Guidelines for microneutralization testing of human antibodies to West Nile virus

Tested specimens: human serum, plasma

Used controls in this assay: Positive serum control, Negative serum control, Serum only control, Virus titration control, Cell control

Heat inactivation: inactivate all sera to be assayed at 56°C for 30 minutes to limit the effects that complement, or adventitious virus may have on the final results.

Optional: Filtrate the serum specimens through 0.22-micron filters to remove particulates is not necessary.

Dilution of specimens and controls: For endpoint titration, 2-fold (50%) serum dilutions should be used. These dilution series lead to a more precise estimate of the endpoint titer than higher dilutions factors. All samples should be tested in parallel titration.

Prepare serial two-fold dilutions of test sera and positive and negative control sera: add 50 ul cell culture media without fetal bovine serum (FBS) to each well of a sterile 96-well cell culture microplate. (1- 1 row of the microplate for each sample.)

Add 50 µl of heat-inactivated serum to the first well of the 96-well microplate containing 50 µl of diluent, thus making an initial serum dilution of 1:2.

Perform serial two-fold dilutions of each of the test sera and the positive and negative control sera by transferring 50 µl of the 1:2 serum dilution to the next well and so on. After each transfer, mix by gentle suspending; change pipette tips and continue the dilution series to the end of the required range.

After the final transfer, discard the remaining 50 µl.

To the last well of each row of the microplate, prepare the ‘serum only’ control by adding 50 µl diluent + 50 µl specimen or control, resulting 1:2 dilution of the tested specimen or control sera. Finally, add 50 µl diluent again. This well will not contain virus suspension and will serve as a control to exclude any cytotoxic activity of the tested specimen.

Rapidly thaw a vial of virus, that was previously stored at -80°C.

Dilute the virus stock in cell culture medium (without FBS) to the dilution previously determined: the fixed dose of WNV is 100 TCID50 (tissue culture infective dose 50%).

The working dilution of the virus stock = 100 TCID50 per well.

Add equal volumes (50 µl) of the diluted virus to each well, except to the ‘serum only’ controls. Avoid contamination of the pipette tips by serum. (The final dilution of the tested specimens will be: 1:4)

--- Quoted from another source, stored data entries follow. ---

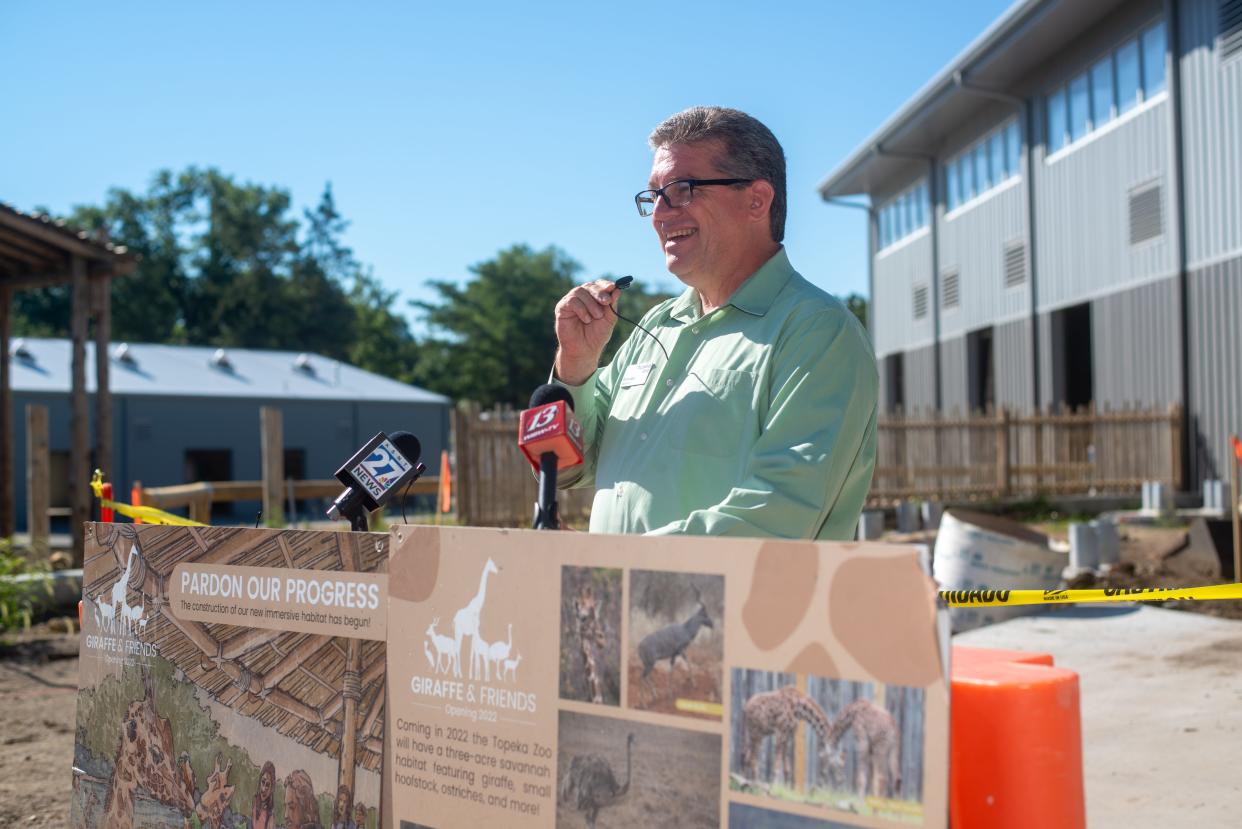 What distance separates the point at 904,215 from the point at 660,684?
27.1 meters

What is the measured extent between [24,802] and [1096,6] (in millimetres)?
18981

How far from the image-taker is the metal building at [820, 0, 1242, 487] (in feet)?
51.8

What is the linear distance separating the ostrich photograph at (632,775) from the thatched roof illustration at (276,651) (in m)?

Besides the serum control and the positive + negative controls, it is necessary to use a virus control. It is recommended to prepare a ‘virus titration’ control in each assay. Virus titration control can be prepared in a separate 96-well microplate. Add 50 µl of each dilution of the serially diluted virus stock, in at least three parallel wells of the microplate. Then, add 50 µl cell culture medium without FBS (diluent) to each well. Diluent represents the ‘volume of the tested specimen’.

Cover the microplates by sealing foil.

Mix the microplates by gentle shaking.

Place the microplates into a 37°C; 5% CO2 incubator for 90 minutes.

Add 100 µl Vero or Vero E6 cell suspension (600000 cells/ml) in cell culture medium with 10% FBS to each well of the microplate.

Prepare ‘cell control’: add 100 µl cell suspension + 100 µl cell culture medium without FBS (diluent). (You can use a separate microplate for this step.)

Place the microplate into a 37°C; 5% CO2 incubator for 5 – 7 days.

Evaluation: read the results by using an inverted microscope.